2  Pre-Registration & Power Analysis

Forensic question: Are our hypotheses, methods, and thresholds defined before we look at the data?

Input artifacts: - config.toml — pipeline configuration and author roster - docs/pre_registration.md — frozen snapshot output from this notebook

Output artifacts: - docs/pre_registration.md — timestamped pre-registration snapshot

Run metadata: (auto-populated by first code cell) - Config hash: {config_hash} - Corpus hash: {corpus_hash} - Timestamp: {run_timestamp} - Software versions: {python_version}, {key_package_versions}

2.0.1 Hypotheses (directional)

Family Expected under AI-like shift
Lexical richness Lower TTR, lower hapax ratio
Marker phrases Higher AI marker frequency
Embeddings Move toward AI baseline centroid
Probability (language-model) Lower perplexity, lower burstiness

2.0.2 Change-point window

Primary window: post 2022-11-30 (ChatGPT release) with a 6-month ramp allowance for ecosystem adoption.

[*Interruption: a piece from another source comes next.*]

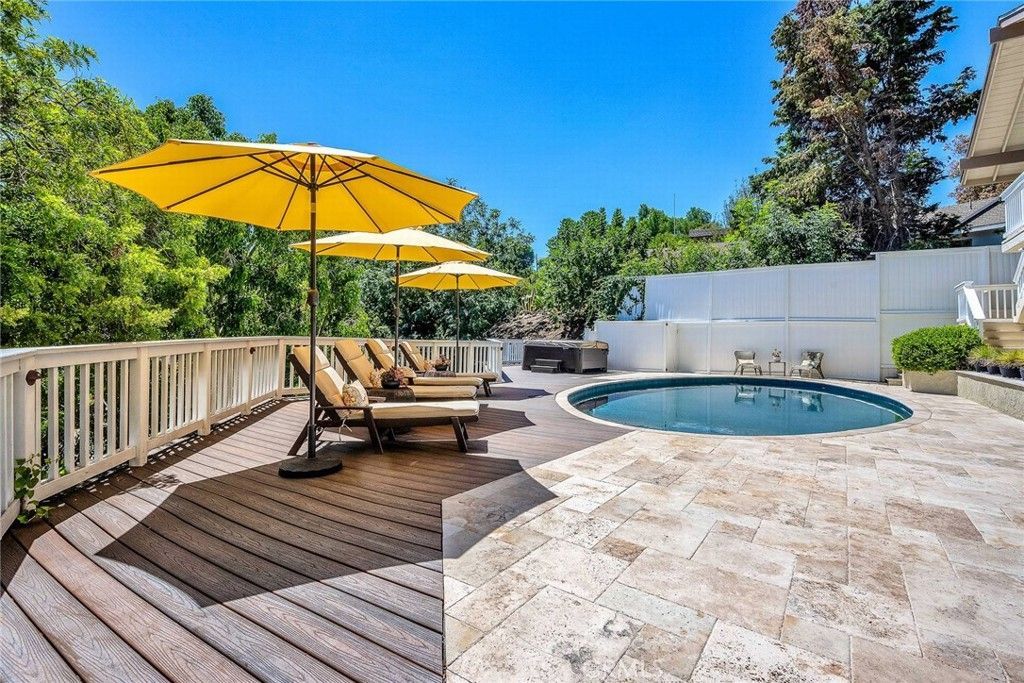 27610 Eastvale Road, Palos Verdes Peninsula, CA 90274 Main Photo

2.0.3 Primary vs exploratory

Confirmatory: lexical, marker, embedding-centroid hypotheses above feed FindingStrength. Exploratory: any post-hoc feature flagged after initial review (documented separately in notebook 07).

2.0.4 Statistical thresholds

  • α = 0.05 after Benjamini–Hochberg
  • Cohen’s d ≥ 0.5 for emphasis
  • STRONG convergence narrative: ≥3 features within 90 days

Summary finding: Pre-registration, thresholds, and confirmatory families are documented before outcome review, with a frozen snapshot written to docs/pre_registration.md.